Records contained in a dataset:
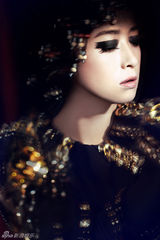 组图：女星蒋欣另类生日写真 散发野性美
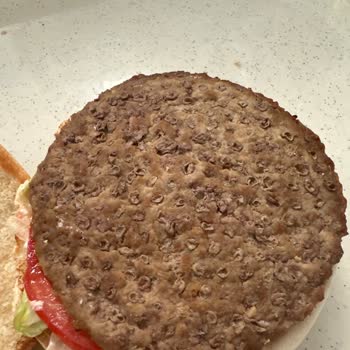 Burger King Tarafından Gönderilen Ne Olduğu Bilinmeyen Köfte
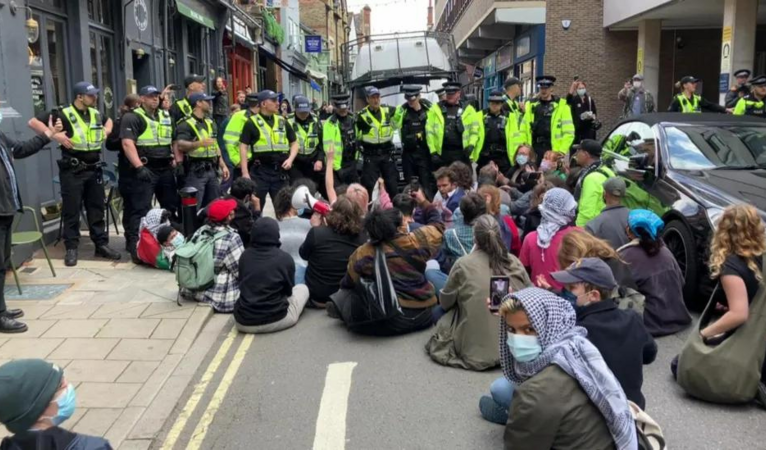 Oxford Üniversitesi’nde Gazze eylemine polis müdahale etti, 16 kişi gözaltına alındı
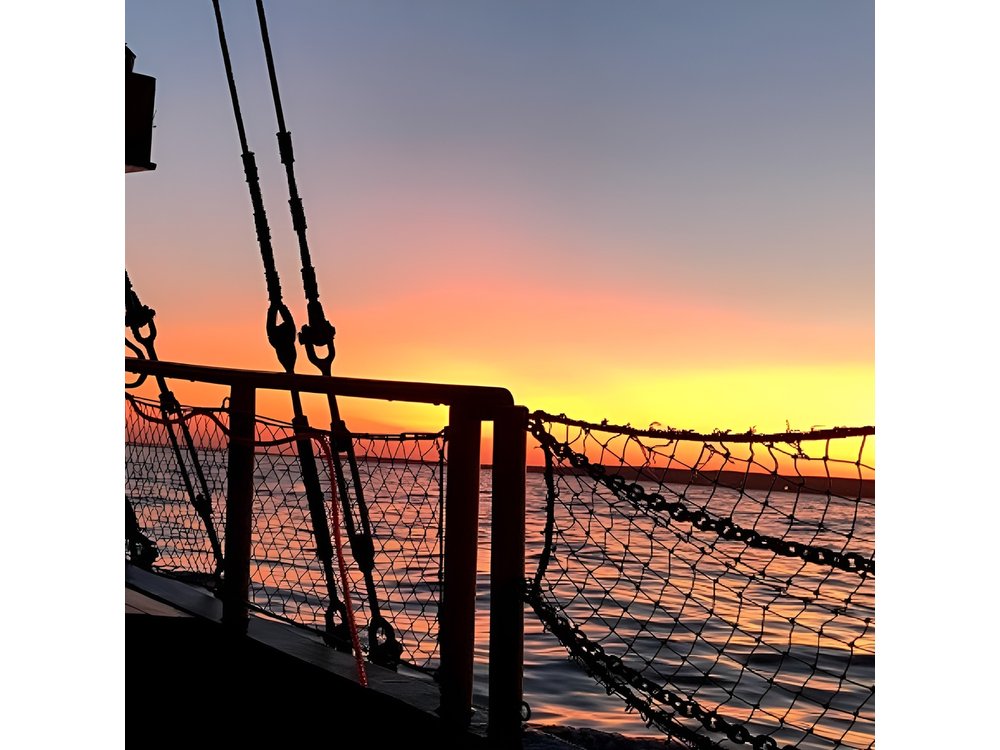 Cartagena, CO: Sunset Skyline Bay Tour on a Pirate Boat + Drinks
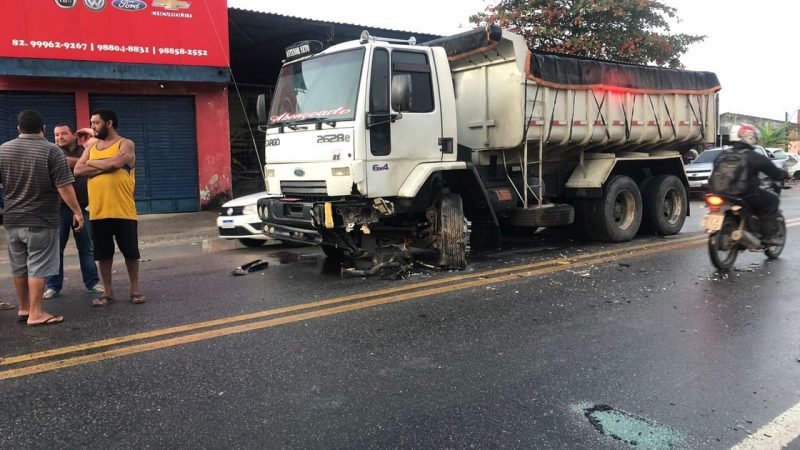 Motorista com sinais de embriaguez e sem CNH colide em carreta na BR-316, em Satuba
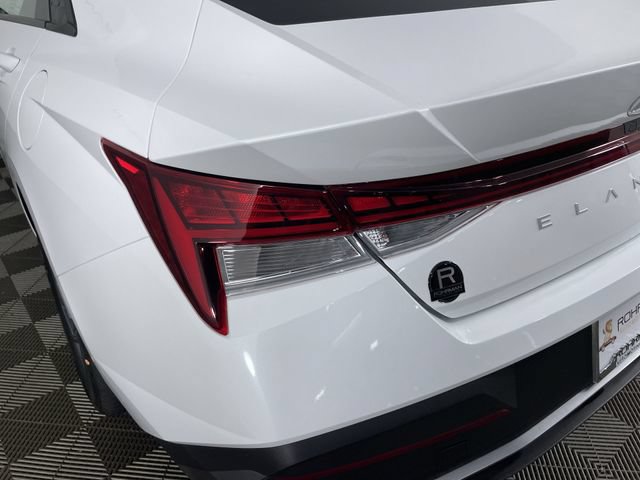 New 2026 Hyundai Elantra Hybrid FWD image 34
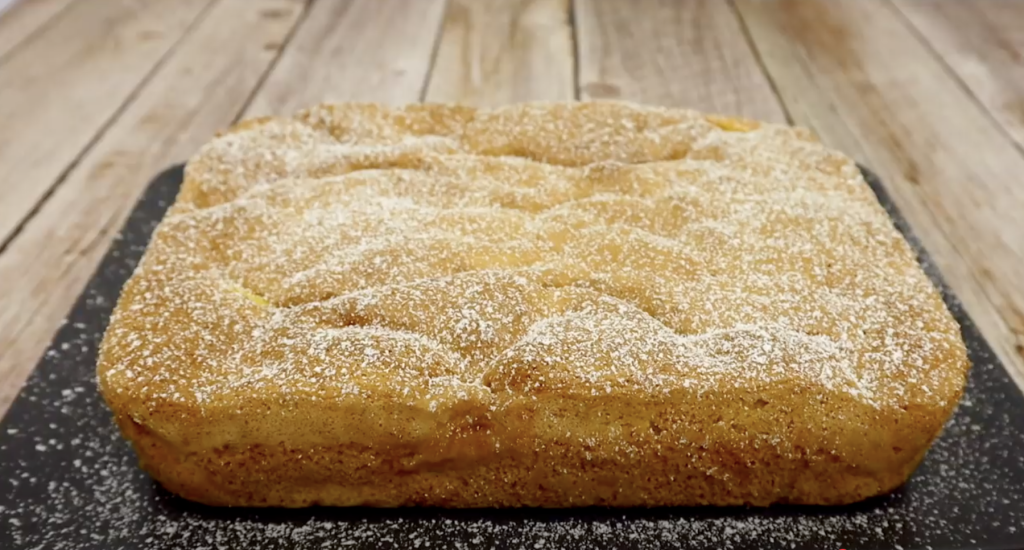 Nadýchaný jablečný koláč s vanilkovou vůní - jednoduchý a vláčný dezert, který provoní celý domov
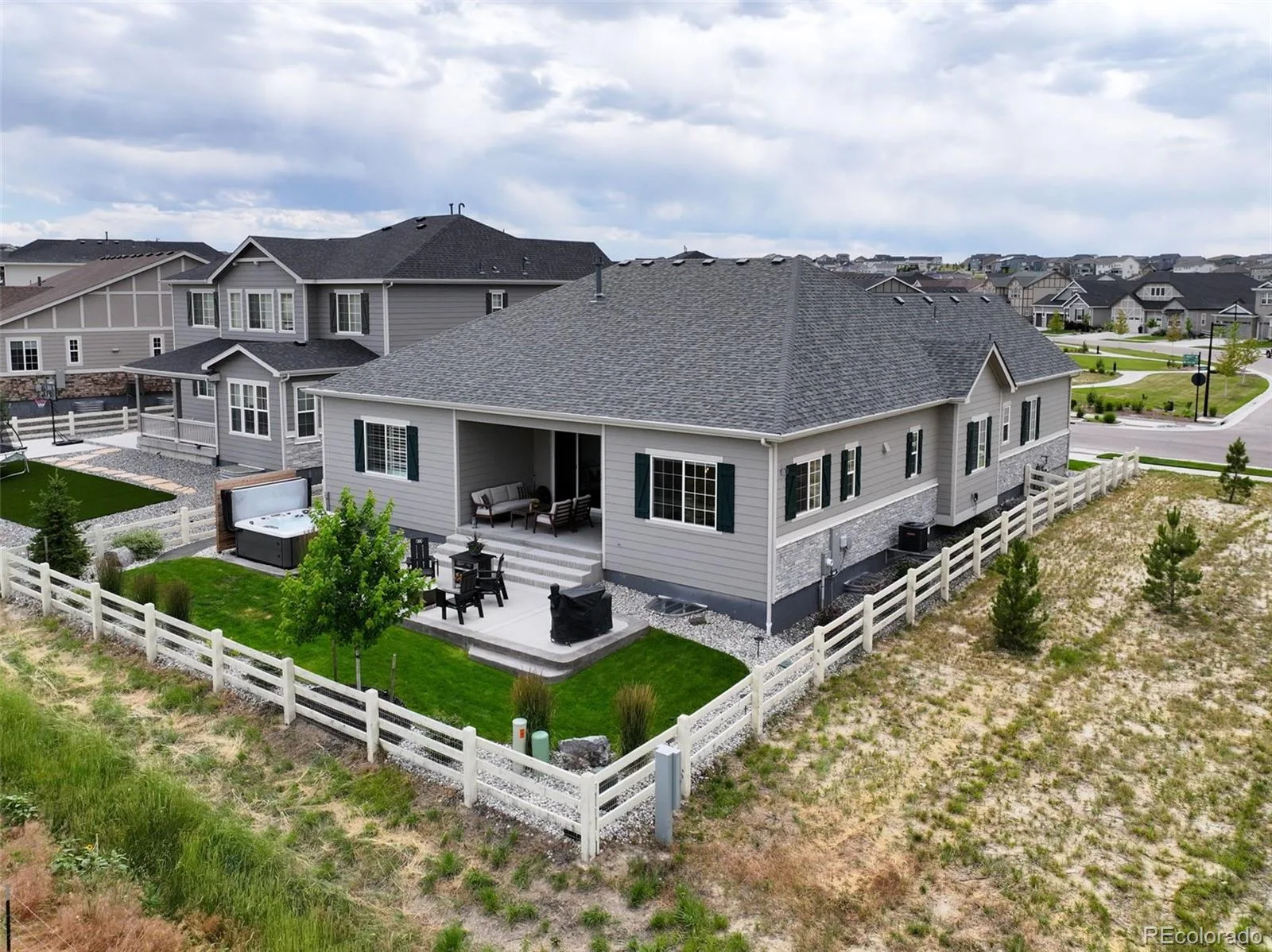 7000 S White Crow Way Aurora CO 80016 | MLS #REC3155137 09232026220625 1600 43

#### [TASK INSTRUCTIONS]
Return the lines above from the one with "Oxford Üniversitesi’nde Gazze" through the one with "Nadýchaný jablečný koláč", verbatim and nothing else. Omit every picture.

#### [RESULT FOR THIS TASK]
 Oxford Üniversitesi’nde Gazze eylemine polis müdahale etti, 16 kişi gözaltına alındı
 Cartagena, CO: Sunset Skyline Bay Tour on a Pirate Boat + Drinks
 Motorista com sinais de embriaguez e sem CNH colide em carreta na BR-316, em Satuba
 New 2026 Hyundai Elantra Hybrid FWD image 34
 Nadýchaný jablečný koláč s vanilkovou vůní - jednoduchý a vláčný dezert, který provoní celý domov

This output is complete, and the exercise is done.